-- Extracted material follows --

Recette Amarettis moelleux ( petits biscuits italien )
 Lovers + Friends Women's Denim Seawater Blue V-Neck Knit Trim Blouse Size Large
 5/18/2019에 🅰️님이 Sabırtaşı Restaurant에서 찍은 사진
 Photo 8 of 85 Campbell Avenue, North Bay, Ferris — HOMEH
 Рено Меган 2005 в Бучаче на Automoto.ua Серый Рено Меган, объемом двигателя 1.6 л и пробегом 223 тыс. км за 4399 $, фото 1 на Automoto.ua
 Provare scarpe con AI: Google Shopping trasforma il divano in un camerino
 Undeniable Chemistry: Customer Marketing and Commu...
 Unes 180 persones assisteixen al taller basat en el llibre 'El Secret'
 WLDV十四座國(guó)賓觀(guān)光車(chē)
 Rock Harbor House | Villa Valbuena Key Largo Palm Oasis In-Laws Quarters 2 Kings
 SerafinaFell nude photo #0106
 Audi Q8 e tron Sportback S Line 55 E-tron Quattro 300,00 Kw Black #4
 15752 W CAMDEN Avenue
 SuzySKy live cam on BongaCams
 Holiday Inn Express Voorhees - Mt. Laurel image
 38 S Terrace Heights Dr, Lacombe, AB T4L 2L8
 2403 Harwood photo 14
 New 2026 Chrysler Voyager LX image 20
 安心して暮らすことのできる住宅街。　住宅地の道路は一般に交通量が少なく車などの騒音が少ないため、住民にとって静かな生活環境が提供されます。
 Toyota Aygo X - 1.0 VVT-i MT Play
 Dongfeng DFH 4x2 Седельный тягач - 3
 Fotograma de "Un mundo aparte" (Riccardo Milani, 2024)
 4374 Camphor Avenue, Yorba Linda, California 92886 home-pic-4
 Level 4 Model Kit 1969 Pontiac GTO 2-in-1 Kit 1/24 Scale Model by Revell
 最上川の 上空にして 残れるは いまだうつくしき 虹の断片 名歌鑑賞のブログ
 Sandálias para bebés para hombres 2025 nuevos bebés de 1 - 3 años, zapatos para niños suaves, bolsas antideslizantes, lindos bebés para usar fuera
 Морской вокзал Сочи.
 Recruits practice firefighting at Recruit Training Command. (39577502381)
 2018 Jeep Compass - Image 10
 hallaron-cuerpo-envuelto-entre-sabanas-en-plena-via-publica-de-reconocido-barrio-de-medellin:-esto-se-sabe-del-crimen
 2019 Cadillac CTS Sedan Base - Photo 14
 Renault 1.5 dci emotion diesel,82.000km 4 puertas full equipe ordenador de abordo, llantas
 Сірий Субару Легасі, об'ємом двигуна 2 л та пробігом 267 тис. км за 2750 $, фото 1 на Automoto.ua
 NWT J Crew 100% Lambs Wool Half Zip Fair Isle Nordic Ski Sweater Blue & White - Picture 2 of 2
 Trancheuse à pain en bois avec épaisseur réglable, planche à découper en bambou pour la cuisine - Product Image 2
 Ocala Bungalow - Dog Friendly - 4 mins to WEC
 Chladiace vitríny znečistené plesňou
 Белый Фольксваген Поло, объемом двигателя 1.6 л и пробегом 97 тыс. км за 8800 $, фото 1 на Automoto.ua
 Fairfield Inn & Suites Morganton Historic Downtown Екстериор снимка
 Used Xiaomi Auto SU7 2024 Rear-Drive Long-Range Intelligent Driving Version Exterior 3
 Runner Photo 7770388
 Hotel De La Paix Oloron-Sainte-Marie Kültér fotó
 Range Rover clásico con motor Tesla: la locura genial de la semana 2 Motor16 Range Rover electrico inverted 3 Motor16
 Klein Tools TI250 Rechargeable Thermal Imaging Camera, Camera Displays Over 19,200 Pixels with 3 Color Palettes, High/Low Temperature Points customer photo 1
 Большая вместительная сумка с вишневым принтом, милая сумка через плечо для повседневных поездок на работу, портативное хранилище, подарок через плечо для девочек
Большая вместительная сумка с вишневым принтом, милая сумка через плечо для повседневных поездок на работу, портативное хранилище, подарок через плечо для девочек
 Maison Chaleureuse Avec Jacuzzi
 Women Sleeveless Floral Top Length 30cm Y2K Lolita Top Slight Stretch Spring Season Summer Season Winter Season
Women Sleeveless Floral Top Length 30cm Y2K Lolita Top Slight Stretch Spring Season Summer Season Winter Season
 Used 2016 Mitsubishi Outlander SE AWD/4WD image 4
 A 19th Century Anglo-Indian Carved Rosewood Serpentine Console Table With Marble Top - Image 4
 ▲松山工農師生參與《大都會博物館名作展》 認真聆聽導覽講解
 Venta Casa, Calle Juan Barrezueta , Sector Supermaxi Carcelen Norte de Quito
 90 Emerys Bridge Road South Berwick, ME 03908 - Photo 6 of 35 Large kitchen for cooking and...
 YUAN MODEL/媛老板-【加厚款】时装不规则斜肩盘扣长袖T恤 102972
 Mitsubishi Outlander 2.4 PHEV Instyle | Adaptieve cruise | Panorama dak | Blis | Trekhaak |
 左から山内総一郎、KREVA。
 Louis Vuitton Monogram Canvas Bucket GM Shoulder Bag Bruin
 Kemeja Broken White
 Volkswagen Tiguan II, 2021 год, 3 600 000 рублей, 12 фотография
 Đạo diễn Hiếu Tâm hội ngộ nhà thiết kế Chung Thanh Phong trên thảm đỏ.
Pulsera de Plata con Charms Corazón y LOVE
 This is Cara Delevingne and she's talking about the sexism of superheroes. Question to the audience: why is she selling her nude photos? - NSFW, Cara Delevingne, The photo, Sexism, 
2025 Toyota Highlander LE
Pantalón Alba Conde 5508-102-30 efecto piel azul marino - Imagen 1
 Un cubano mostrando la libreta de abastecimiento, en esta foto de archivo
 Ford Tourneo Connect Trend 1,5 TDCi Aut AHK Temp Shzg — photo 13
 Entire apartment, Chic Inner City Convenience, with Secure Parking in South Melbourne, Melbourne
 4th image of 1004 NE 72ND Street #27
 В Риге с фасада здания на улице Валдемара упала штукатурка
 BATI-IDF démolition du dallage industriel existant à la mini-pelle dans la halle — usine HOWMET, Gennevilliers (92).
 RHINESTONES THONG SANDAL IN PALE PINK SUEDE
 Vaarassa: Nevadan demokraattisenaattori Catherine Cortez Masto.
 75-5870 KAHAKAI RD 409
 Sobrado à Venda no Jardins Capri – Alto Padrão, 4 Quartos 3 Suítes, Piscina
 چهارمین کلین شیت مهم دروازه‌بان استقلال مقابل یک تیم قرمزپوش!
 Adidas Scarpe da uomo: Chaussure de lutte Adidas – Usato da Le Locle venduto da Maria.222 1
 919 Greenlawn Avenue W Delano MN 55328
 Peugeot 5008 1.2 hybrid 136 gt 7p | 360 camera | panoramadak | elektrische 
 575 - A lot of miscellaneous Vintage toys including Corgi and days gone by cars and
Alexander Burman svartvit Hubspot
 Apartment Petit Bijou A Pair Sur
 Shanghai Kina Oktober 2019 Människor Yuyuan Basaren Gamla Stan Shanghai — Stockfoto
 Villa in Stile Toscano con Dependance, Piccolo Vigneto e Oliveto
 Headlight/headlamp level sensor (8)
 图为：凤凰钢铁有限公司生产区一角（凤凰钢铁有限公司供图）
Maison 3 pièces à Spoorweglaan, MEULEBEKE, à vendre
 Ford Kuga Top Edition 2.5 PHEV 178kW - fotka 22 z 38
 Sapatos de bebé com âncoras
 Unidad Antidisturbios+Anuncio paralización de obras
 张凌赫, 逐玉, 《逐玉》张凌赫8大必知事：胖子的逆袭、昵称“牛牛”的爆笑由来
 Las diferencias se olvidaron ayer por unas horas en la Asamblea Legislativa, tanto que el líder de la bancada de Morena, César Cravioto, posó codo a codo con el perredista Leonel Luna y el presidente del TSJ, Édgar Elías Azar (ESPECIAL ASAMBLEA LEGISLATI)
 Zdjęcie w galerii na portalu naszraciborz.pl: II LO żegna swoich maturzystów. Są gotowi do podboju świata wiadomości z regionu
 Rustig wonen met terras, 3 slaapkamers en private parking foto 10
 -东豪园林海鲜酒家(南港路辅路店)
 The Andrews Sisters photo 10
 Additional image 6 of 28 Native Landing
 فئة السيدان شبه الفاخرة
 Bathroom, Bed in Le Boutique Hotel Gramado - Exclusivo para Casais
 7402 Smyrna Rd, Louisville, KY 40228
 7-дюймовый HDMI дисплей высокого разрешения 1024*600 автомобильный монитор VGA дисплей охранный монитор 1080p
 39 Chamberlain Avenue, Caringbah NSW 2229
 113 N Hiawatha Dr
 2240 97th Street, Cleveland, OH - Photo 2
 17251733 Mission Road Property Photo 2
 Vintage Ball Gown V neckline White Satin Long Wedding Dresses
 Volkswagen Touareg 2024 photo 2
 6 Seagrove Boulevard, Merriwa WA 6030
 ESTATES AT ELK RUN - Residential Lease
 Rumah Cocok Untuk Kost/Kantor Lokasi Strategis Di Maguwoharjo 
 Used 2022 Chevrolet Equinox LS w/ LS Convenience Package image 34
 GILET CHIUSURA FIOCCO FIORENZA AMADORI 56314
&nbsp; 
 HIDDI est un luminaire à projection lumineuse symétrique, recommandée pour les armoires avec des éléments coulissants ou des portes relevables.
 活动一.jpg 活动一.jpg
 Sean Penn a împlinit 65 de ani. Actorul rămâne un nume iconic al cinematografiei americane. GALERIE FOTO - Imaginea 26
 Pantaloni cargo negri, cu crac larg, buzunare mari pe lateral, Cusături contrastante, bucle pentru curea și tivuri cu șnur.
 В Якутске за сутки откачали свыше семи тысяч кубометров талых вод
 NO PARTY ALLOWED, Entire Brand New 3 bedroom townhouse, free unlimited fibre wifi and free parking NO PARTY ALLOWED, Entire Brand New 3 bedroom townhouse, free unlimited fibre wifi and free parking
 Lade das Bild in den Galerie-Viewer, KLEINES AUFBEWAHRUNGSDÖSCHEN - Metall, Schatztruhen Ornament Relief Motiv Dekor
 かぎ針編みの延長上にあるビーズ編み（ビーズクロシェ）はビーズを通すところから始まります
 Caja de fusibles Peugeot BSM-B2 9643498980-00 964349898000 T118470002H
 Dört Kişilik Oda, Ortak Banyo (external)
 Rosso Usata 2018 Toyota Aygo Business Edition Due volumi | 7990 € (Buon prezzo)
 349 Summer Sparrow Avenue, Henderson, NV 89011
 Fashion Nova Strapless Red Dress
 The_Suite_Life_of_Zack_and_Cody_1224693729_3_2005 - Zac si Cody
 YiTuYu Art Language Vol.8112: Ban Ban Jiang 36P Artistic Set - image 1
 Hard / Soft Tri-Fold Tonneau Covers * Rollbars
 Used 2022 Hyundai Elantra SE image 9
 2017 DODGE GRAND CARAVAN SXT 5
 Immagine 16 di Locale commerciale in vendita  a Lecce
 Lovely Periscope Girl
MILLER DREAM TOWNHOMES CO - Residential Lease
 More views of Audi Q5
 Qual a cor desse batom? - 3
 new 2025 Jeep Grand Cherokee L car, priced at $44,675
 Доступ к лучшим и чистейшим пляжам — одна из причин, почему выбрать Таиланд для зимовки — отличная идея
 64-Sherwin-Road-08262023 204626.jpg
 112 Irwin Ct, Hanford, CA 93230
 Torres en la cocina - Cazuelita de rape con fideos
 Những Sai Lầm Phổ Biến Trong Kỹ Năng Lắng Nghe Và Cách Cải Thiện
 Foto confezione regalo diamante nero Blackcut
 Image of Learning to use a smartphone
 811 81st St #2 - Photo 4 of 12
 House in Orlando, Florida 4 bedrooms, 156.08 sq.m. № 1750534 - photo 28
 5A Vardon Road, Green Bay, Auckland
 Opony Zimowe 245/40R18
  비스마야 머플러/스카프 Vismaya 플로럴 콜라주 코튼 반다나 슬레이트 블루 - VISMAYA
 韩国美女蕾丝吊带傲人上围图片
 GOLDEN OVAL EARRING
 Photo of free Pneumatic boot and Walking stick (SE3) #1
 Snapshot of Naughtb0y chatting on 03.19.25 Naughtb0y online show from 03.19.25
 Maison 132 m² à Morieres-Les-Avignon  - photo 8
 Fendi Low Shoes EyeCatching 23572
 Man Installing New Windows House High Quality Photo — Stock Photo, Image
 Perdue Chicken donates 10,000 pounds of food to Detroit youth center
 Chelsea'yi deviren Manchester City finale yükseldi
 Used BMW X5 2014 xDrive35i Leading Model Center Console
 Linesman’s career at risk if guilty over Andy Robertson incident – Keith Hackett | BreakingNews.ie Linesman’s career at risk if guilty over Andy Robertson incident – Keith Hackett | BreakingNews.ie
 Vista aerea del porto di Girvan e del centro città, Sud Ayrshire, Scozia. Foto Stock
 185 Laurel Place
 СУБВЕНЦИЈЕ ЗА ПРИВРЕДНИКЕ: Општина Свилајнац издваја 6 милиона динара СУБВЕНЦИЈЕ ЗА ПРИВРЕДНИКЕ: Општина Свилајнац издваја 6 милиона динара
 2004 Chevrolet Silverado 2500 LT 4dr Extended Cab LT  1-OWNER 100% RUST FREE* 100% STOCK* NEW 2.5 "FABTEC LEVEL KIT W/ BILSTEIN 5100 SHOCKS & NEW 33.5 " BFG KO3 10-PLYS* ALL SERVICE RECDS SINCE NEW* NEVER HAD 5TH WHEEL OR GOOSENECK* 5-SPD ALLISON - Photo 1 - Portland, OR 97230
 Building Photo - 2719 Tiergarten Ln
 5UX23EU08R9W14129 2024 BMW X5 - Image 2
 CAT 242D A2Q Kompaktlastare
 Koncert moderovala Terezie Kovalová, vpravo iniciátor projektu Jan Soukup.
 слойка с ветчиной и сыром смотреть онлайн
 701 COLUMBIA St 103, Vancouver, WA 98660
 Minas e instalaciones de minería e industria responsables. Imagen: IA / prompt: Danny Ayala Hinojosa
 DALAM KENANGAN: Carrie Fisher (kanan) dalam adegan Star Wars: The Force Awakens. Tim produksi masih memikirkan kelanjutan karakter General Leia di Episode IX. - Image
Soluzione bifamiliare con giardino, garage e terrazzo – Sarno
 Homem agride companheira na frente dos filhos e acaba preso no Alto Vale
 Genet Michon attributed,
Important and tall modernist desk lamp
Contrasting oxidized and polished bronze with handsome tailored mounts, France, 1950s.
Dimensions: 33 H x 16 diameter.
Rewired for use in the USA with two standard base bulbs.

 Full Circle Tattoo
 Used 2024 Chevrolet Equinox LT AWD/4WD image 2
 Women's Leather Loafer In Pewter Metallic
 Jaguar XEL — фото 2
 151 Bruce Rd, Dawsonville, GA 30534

-- Extracted material concluded --

*Your goal*: Of the entries above, repeat exactly the lines from the line with "Adidas Scarpe da" through the line with "Apartment Petit Bijou A Pair Sur", both of them included.

*Task result*:
 Adidas Scarpe da uomo: Chaussure de lutte Adidas – Usato da Le Locle venduto da Maria.222 1
 919 Greenlawn Avenue W Delano MN 55328
 Peugeot 5008 1.2 hybrid 136 gt 7p | 360 camera | panoramadak | elektrische 
 575 - A lot of miscellaneous Vintage toys including Corgi and days gone by cars and
Alexander Burman svartvit Hubspot
 Apartment Petit Bijou A Pair Sur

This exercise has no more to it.